==== RECORDS

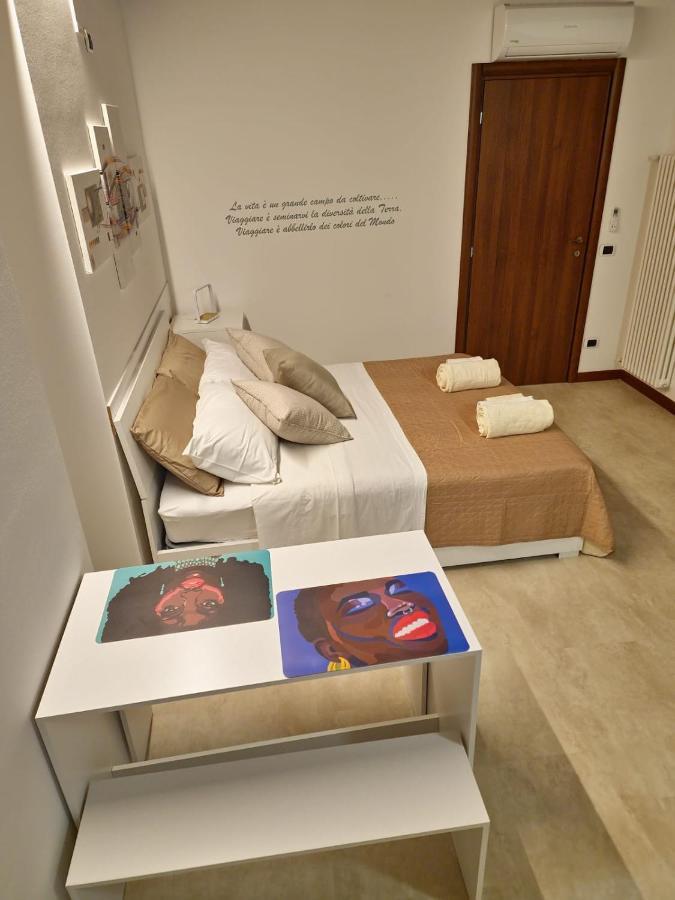Gesuitirooms Sona Exterior foto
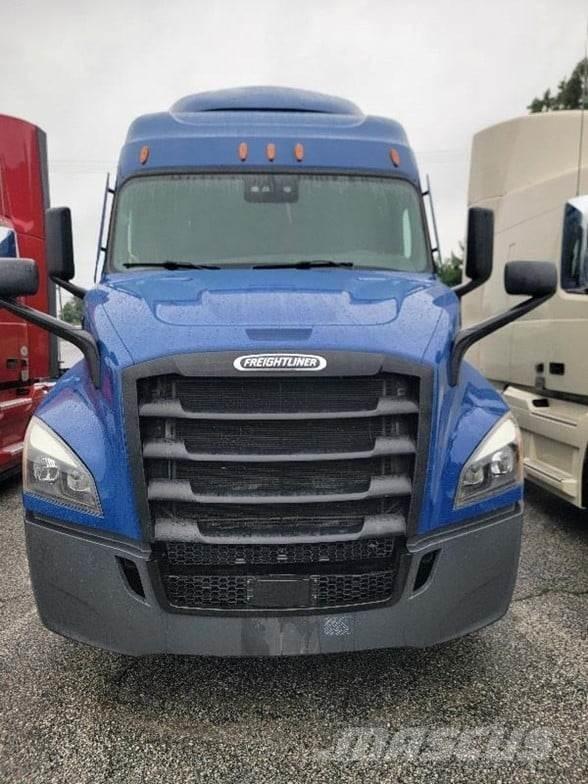 Freightliner CASCADIA 116 وحدات الجر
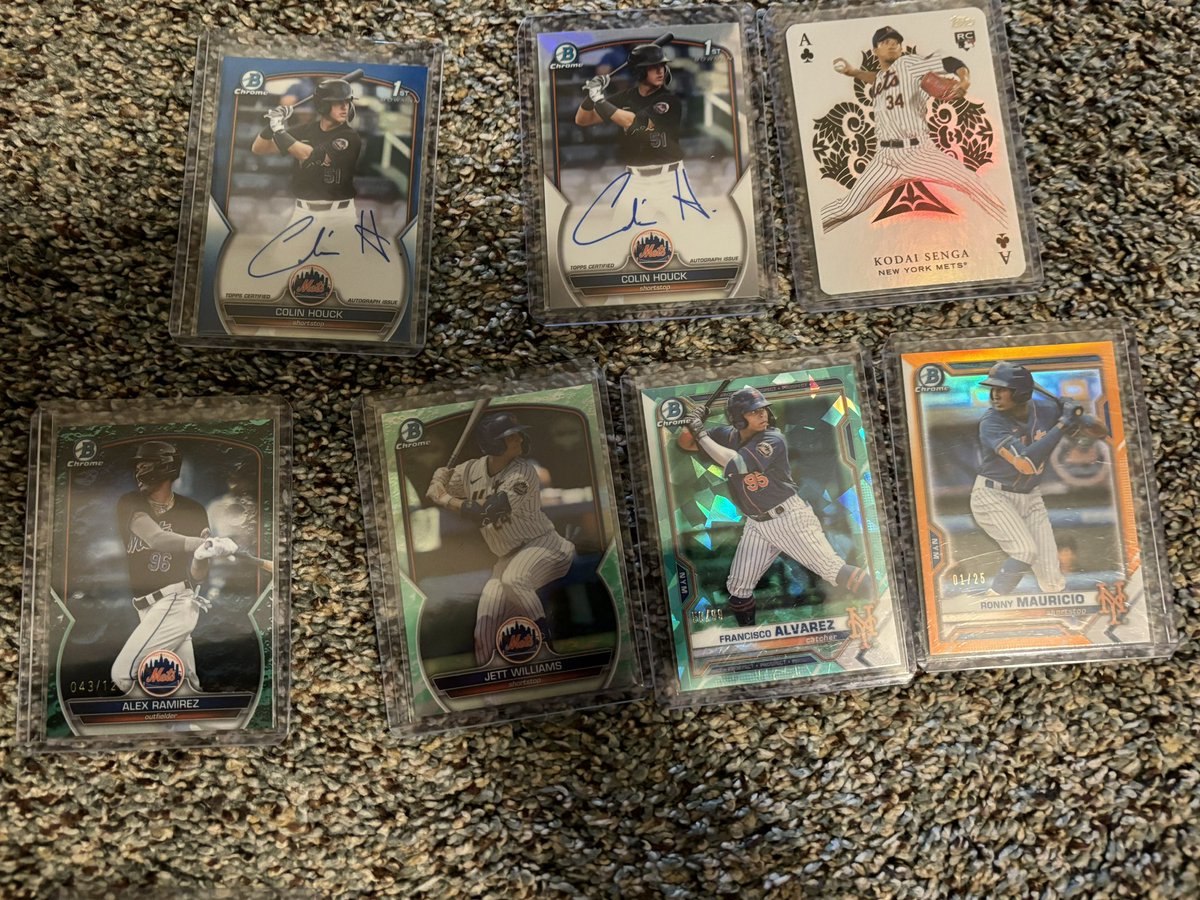 969Migor's tweet photo. @Goerge9133 @Iminsearchof Have a bunch of base chrome and refractor from ‘23 draft too https://t.co/QUvmFEwKFQ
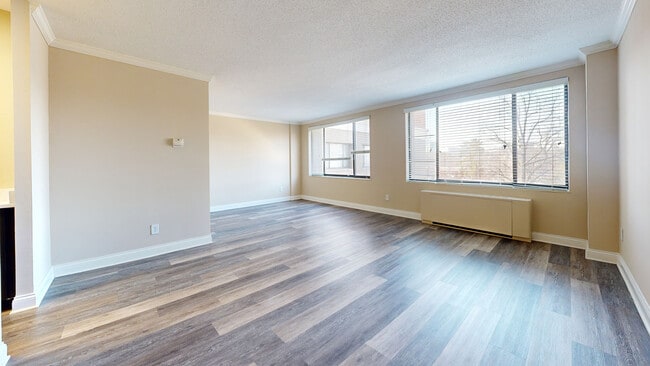 Interior Photo - The Whitmore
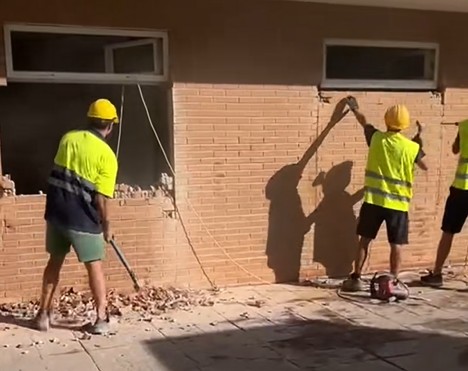 La impunidad especulativa se extiende en Benicalap ante la complicidad y la inacción del Gobierno municipal de Valencia 1 La impunidad especulativa se extiende en Benicalap ante la complicidad y la inacción del Gobierno municipal de Valencia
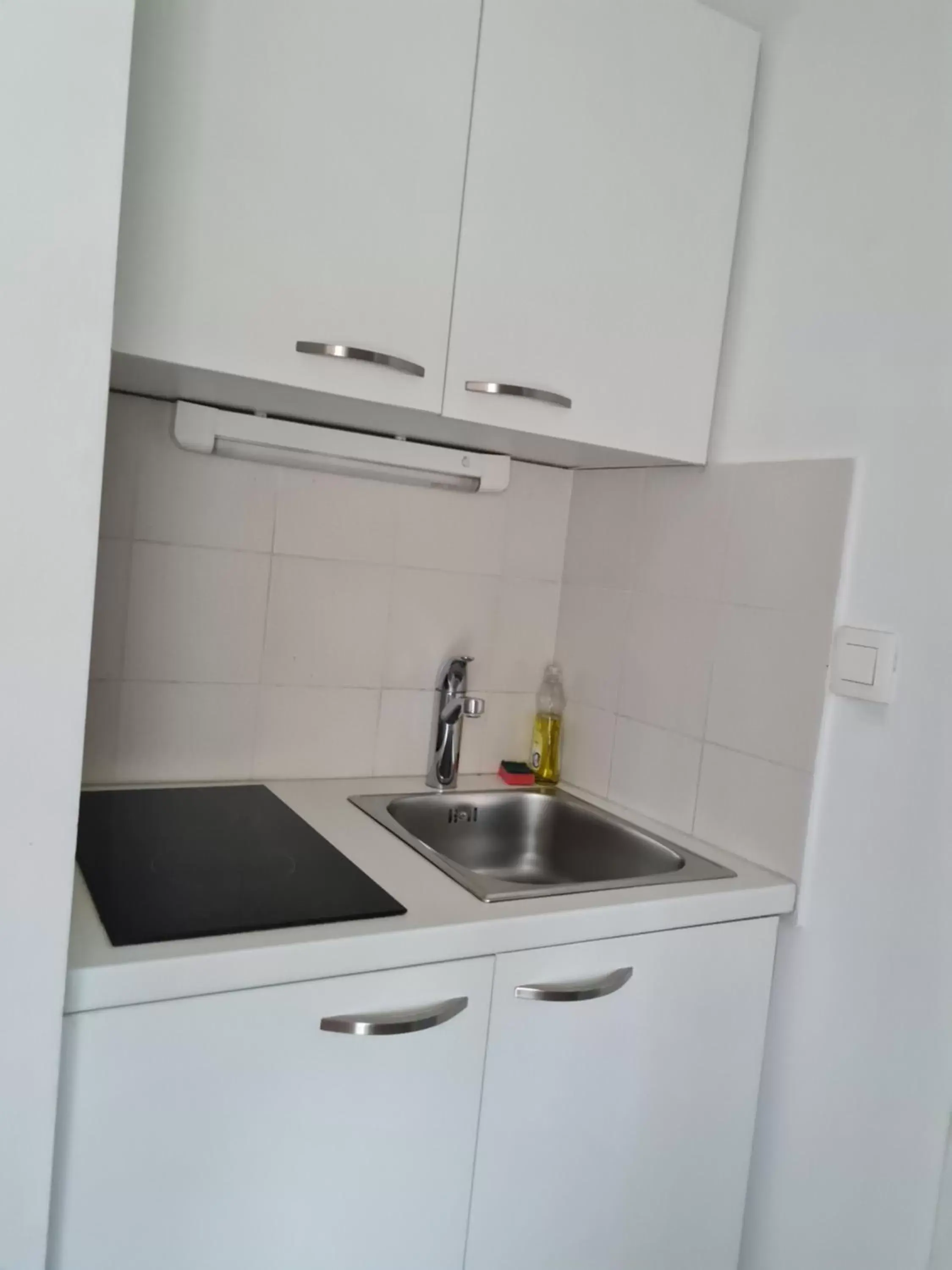 Two-Bedroom Apartment in AZUR ROOMS LJUBLJANA Two-Bedroom Apartment in AZUR ROOMS LJUBLJANA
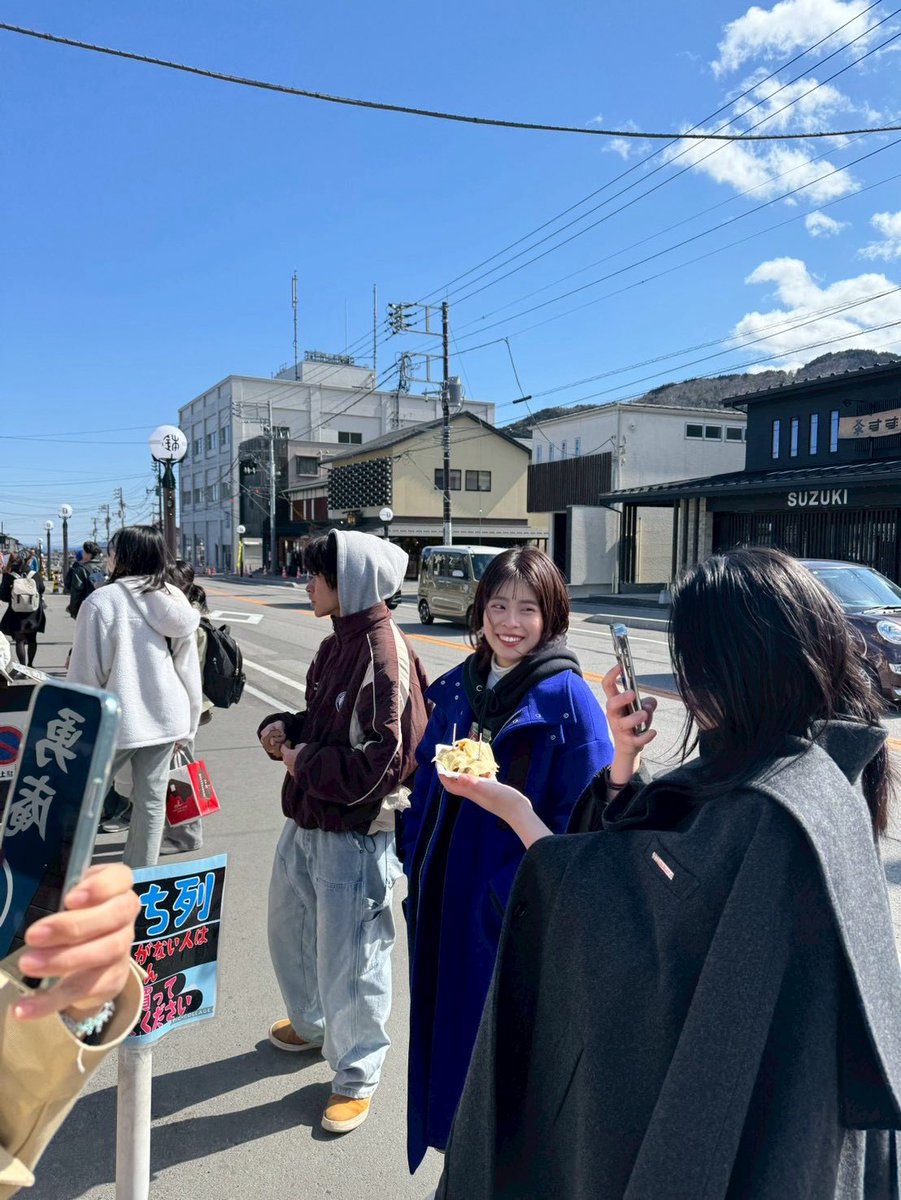 ayusingingdayo's tweet photo. まってX今年初投稿なの？
この３ヶ月で人生初骨折とかアナフィラキシーとか(健康運ﾔﾊﾞ)色々やらかして今はアレルギーを必死に調べてるんですけどそれ以外はめちゃ元気に楽しく過ごしております‼️
東京で初めてできた友達の結婚式で歌ったり自炊今までにないくらい楽しかったり✌️ https://t.co/TvHj71sVIL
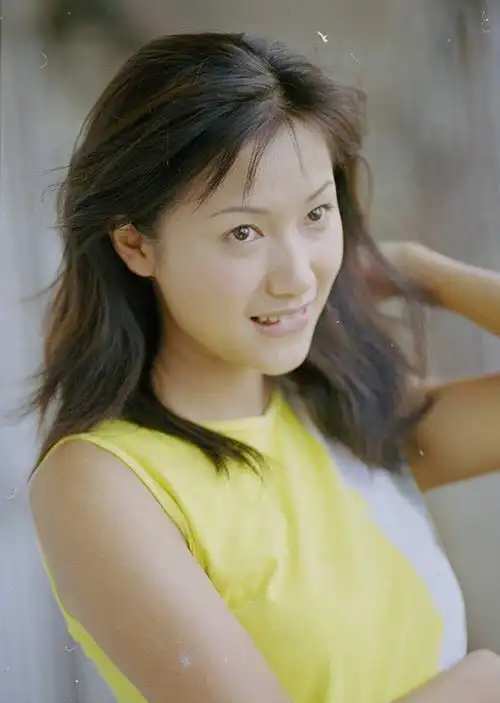 16岁的徐静蕾想报考中戏的工艺美院,但大学不是光会画画就可以的,她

========

Everything in the listing must be copied exactly except the pictures.

*EXERCISE RESULT*:
Gesuitirooms Sona Exterior foto
 Freightliner CASCADIA 116 وحدات الجر
 969Migor's tweet photo. @Goerge9133 @Iminsearchof Have a bunch of base chrome and refractor from ‘23 draft too https://t.co/QUvmFEwKFQ
 Interior Photo - The Whitmore
 La impunidad especulativa se extiende en Benicalap ante la complicidad y la inacción del Gobierno municipal de Valencia 1 La impunidad especulativa se extiende en Benicalap ante la complicidad y la inacción del Gobierno municipal de Valencia
 Two-Bedroom Apartment in AZUR ROOMS LJUBLJANA Two-Bedroom Apartment in AZUR ROOMS LJUBLJANA
 ayusingingdayo's tweet photo. まってX今年初投稿なの？
この３ヶ月で人生初骨折とかアナフィラキシーとか(健康運ﾔﾊﾞ)色々やらかして今はアレルギーを必死に調べてるんですけどそれ以外はめちゃ元気に楽しく過ごしております‼️
東京で初めてできた友達の結婚式で歌ったり自炊今までにないくらい楽しかったり✌️ https://t.co/TvHj71sVIL
 16岁的徐静蕾想报考中戏的工艺美院,但大学不是光会画画就可以的,她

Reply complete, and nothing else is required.